KELILING PULAU JAWA PART 2: GUNUNG KELUD-BLITAR


Kediri, 26 Desember 2012

Jam 06.00 WIB kami semua sudah bangun, berhubung kami semua menumpang di ruang tamu rumah teman kami, jadi mau tidak mau kami harus bangun lebih pagi dari yang ada di rumah, biar ga kagok kalau mau beraktivitas. Ga enak juga, sudah numpang, masih juga ngehambat aktivitas sehari-hari, apalagi sebenarnya hari ini bukan hari libur. Jam 08.00 WIB kami semua sudah siap untuk menuju objek wisata pertama kami, Gunung Kelud.
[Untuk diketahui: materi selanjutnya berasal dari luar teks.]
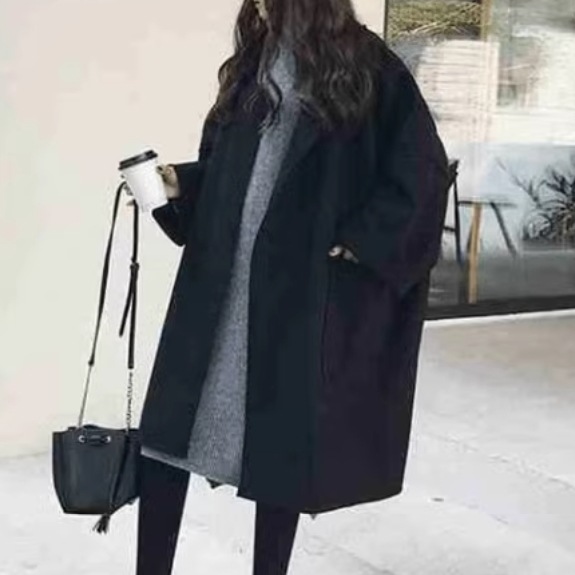 レディース コート アウター 上着 ウール 羽織 前開き ウールロングコート ロングコート ミドル丈 長袖 ボリューム袖 Vネック 襟付き ワイド オーバーサイズ ポケット かわいい 大人可愛い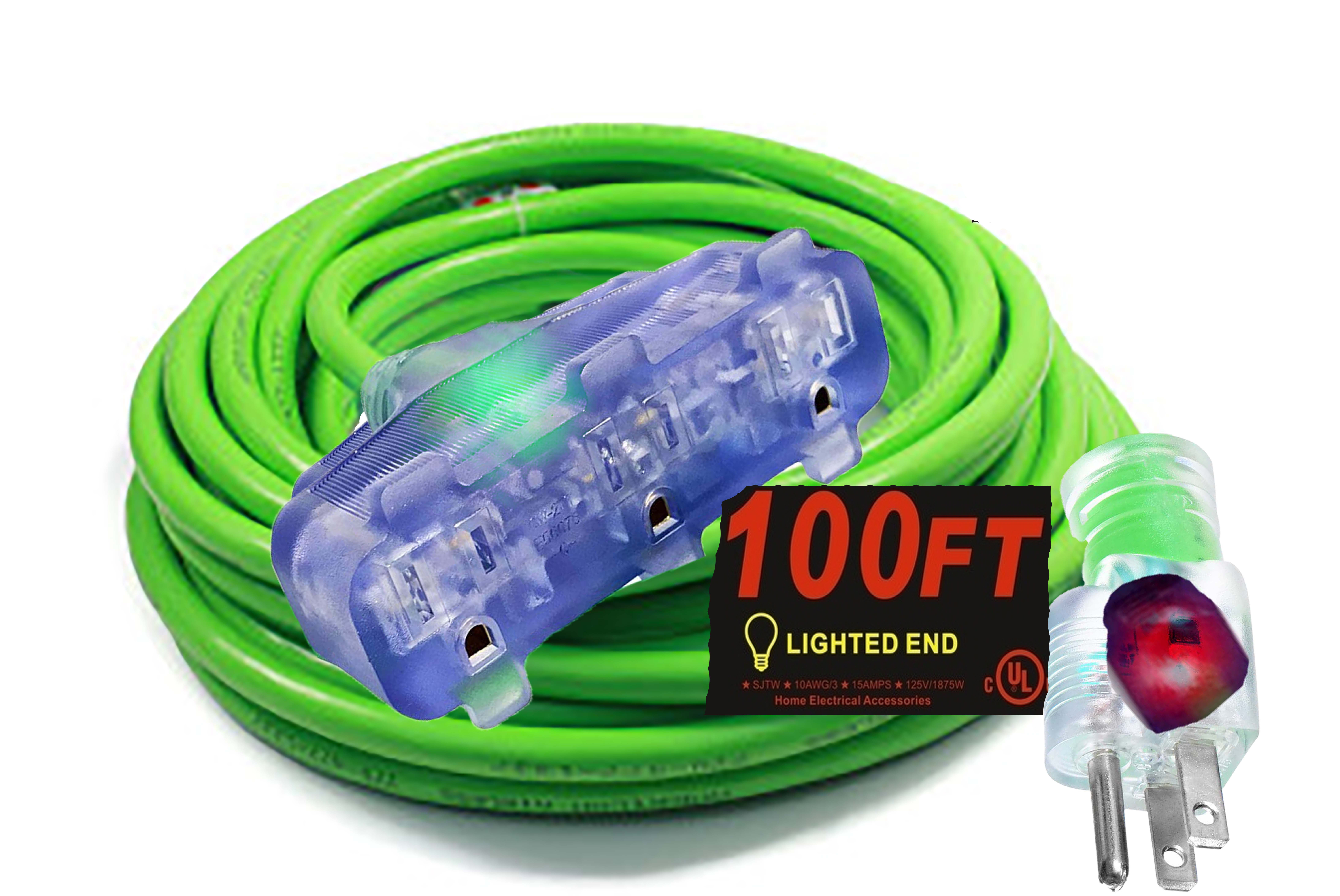 pizety 12/3 Extension Cord 100 ft Outdoor Indoor Heavy Duty 100 ft Extension Cord 12/3 12 Gauge Extension Cord 3 Outlet Lighted 15 Amp 1875 Watts Triple Outlet 12 Gauge Extension Cord 100 ft Copper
Sebenarnya dua orang teman kami tidak libur dan harus pergi kerja, jadi kami memutuskan untuk pergi sendiri ke Kelud, tetapi ternyata mereka berdua tetap mengantar kami ke Kelud dan ijin untuk masuk kerja aga terlambat.

Maaf banget jadi ngerepotin gini. Berhubung dua teman kami mau mengantar, jadi setidaknya, kami harus berangkat sepagi mungkin. Teman kami yang perempuan ikut naik di mobil, sedangkan teman kami yang laki-laki bawa motor, jadi nanti teman kami pulang duluan pakai motor balik lagi ke Kediri, berhubung kami akan melanjutkan perjalanan kami ke Blitar.

Jalan menuju Kelud, sebenarnya tidak terlalu ribet dan kondisinya sangat bagus, bahkan sampai ke parkiran Kelud. Mendekati areal parkir Gunung Kelud, jalanana malah semakin membaik kondisinya, aspal mulus. Selama perjalanan menuju Kelud, ada beberapa persimpangan jalan menuju ke Blitar, ada yang lewat Kediri lagi, ada yang ke Tulungagung, ada yang langsung ke Kabupaten Blitar memutar Gunung Kelud, nah, rute terakhirlah yang akan kami pakai, karena selain lebih cepat, jalannya juga sepi, jadi memungkinkan kami terhindar dari kemacetan dan persimpangan jalan.

Mendekati tempat tujuan, dinding tebing Gunung Kelud sedikit demi sedikit sudah mulai keliatan, jalanan berkelok dengan tikungan tajam, sempit, jurang di kanan-kiri tetapi tetap mulus kondisinya menjadikan perjalanan menuju Gunung Kelud cukup menyingkat waktu. Sekitar 3 Km dari areal wisata Gunung Kelud, akan dijumpai desa terakhir yang juga merupakan lokasi wisatwan untuk menginap. Desanya cukup kecil, tetapi udaranya sangat sejuk, tidak terlalu dingin, penginapan berupa homestay dibuat semenarik mungkin dengan cara yang sederhana, jalanan yang mulus, serta kondisi lingkungan yang bersih menjadikan desa ini, tempat yang cukup nyaman untuk beristirahat sebelum atau sesudah berkunjung ke Gunung Kelud dan tidak terlalu sumpek dan ramai seperti objek wisata Gunung Bromo dari arah Probolinggo.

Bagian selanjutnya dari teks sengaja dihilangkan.